WALKS IN MANCHESTER - ASHTON UNDER LYNE
Ashton is the heart of Tameside, Manchester. I walked there a few weks ago andthis sumarises themain places I found of interest, some of which I already knew of from earlier visits.
From the bus station, head into and through the shopping precinct which looks like shopping precincts anywhere), and through to the rather unimaginitive street market, where many stalls sell cheap tatt and others are empty.
To one side of the market is the Town Hall, with two magnificant gleaming cannons outside. Head in and you quickly see the two terrific museums which are free to explore – The first one is that of The Manchester Regiment, one of the best military museums in Britain. It covers the history of the regiment from its 18th century origins, through the Napoleonic, Crimean, Boer, Zulu and World Wars, with many touching tributes and memorial pieces about the men who died in the field.
Seeing me writing notes about the displays, a curator told me that there was a guide book available for just £1.00, so I got one, only to find later that it was a guide to only one small portion of the overall display – not the whole museum.
There are quite a few interactive displays, including audio recordings of well known war poetry,and a chance to stand in a realistic World War One Trench, seeing life sized models of men just ahead of you as they climb over the top. You can try on helmets and gasmasks too.
Downstairs from this is the newly opened Sentantii Museum.
The unusual name is that of a stone age tribe who were settled on Ashton Moss in the Bronze Age. The museum charts the history of how the town developed from their age to the present day, taking in the medieval era, the English Civil War (When Tameside men fought for Parliament), through the industrial revolution, to the present day.
Again, there are many interactive displays, and a fascinating ghosts and legends display including a real human skeleton in a broken crypt coffin used to illustrate how grave robbing was rife in the area in the 18th century.
The Town Hall also has fabulous displays of silver-ware and mayoral chains through the ages. You can, with prior permission, take photograpohs in the Hall, except of the silver-ware. One of my friends had to sign consent forms for permission to take pictures but staff were very helpful to us.

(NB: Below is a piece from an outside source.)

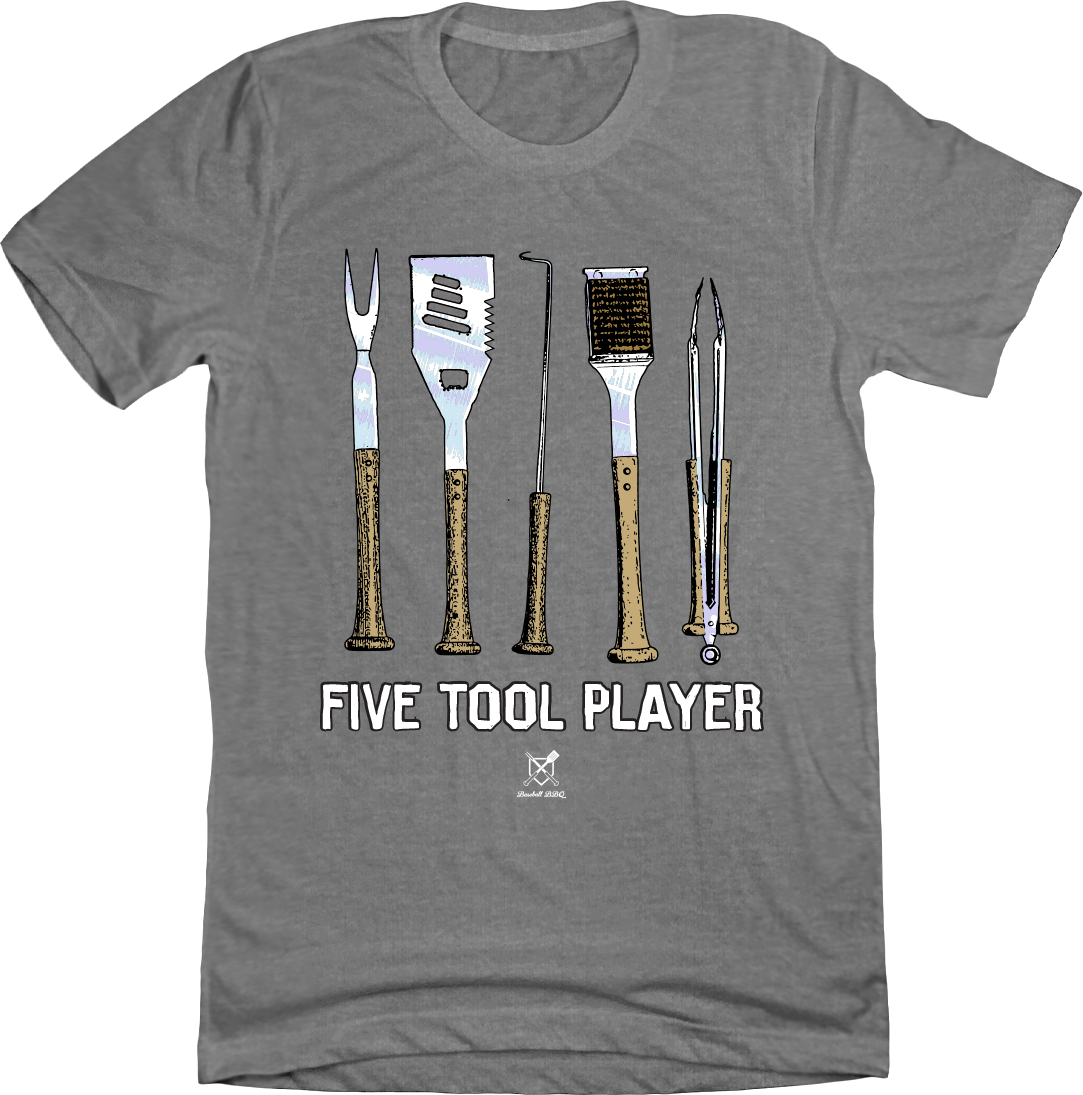 Five Tool Player - Baseball BBQ Tee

This was quite a walk from the Town Hall museums, and very disappointing. The main gallery was closed to the public as it had been hired for yoga classes. Now I’m all for yoga classes wanting to hire rooms, but giving them an art gallery for the day is a ludicrous way of excluding the general public from seeing the art, while a yoga group could hire any old church hallor meeting room, (of which amajor town like Ashton has plenty) and won’t really be taking in their aesthetic surroundings much anyway.

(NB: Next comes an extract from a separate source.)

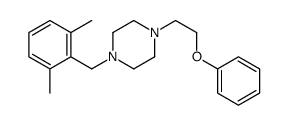 1-[(2,6-dimethylphenyl)methyl]-4-(2-phenoxyethyl)piperazine Structure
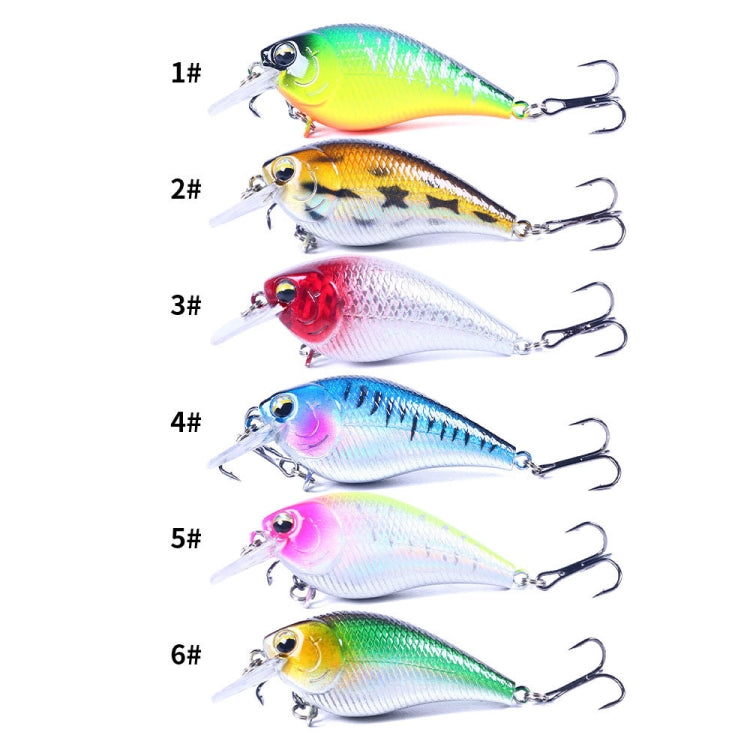 HENGJIA CB060 7cm 9.5g เหยื่อปลอม VIB Rock Little Fatty Floating, 1, 2, 3, 4, 5, 6, 6 Colors, 6 Colors Boxed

The one display on public show was a series of sculptures made from corrugated cardboard, including a large round tube that you could stand inside. Novel, but overall, I’d rather have let the yogis use that room than the one they were given.
After a brief visit to the legendary Witchwood Pub (see my pub Guide to Manchester) it was time to visit the last museum of the day – The Portland Canal Basin Museum.
A real highlight for any visit to the town. You reach it by following the canal towpath to the large wide basin, where canal long-boats can easily turn and moor up. There is a large stone arched tow-path bridge here that has sadly proved to be a popular place to commit suicide from, by leaping straight into the dark waters weighed down with stones. It has also featured on the cover of an album by folk musicians The Fivepenny Piece.
The Mseum itself offers a free history of the Industrial Revolution, from Jethro Tull’s Seed Drill, to the rise of the railways. Canal navvies receive strong attention, with reminders that men died for every mile of canal dug out, often with nothing but picks and shovels. There are some teriffic working models, including one that shows how canal locks operate.
The museum has a lovely gift and book shop and a very nice little cafeteria. Our visit was briefly interrupted by a fire alarm caused by visitors unwittingly opening a fire door, but no harm was caused and everyone took the incident in good humour.
There is much to see and do in Ashton, which is a town I’ll certainly be visiting again as soon as possible.